15人が本棚に入れています
本棚に追加
/137ページ
風見さんは耕作さんの存在自体を無視して階段の方へ歩き出した。
「理世ちゃん、待って!俺も行く・・・。」
耕作さんは風見さんを追いかけようとした。
「・・・結構ですっ!」
風見さんは振り向きざまに耕作さんを睨みつけ、そのままではほんの数秒で命を!落としてしまいそうな凄まじい殺気を漲らせた。
未だかつてこんなに激しく拒絶されている人(宇宙人だけど)を僕は見たことがない。
さすがの耕作さんも金縛りにあったかのように立ちすくみ、その隙に風見さんは2度とこちらを見ることなく階段を上がっていった。

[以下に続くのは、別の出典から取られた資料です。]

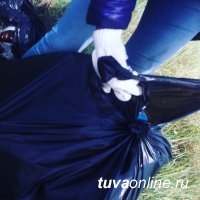 "Добрые сердца Тувы" провели генеральную уборку на озере Дус-Холь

「・・・理世ちゃんたら今日も照れちゃって。ほんとカワイイなぁ。」
金縛りからようやく解き放たれた耕作さんは負け惜しみを言った。
僕は画用紙で作った星形やロケット形の飾りをボードの周りにテープで貼りながら聞いた。
「どうしたら風見さんが照れてるように見えるんですか?」
チッチッチ。
耕作さんは人差し指を立てて左右に振りつつ舌を鳴らした。
「お前みたいな青二才にゃわかんないだろうけど、女心はひと筋縄じゃいかねぇんだよ。よく言うだろ?“キライキライもスキのうち”って。」
「でも風見さんの場合は“キライキライ、ホントに大キライ”にしか見えませんけど?」
「・・・椎名ぁ。お前、俺様に随分な口きくじゃねぇか。」
耕作さんは眉間にシワを寄せて僕をガン見した。
すると足元に置いてあったたくさんの星形の切り抜きが宙に舞い上がり僕の顔めがけて飛んできた。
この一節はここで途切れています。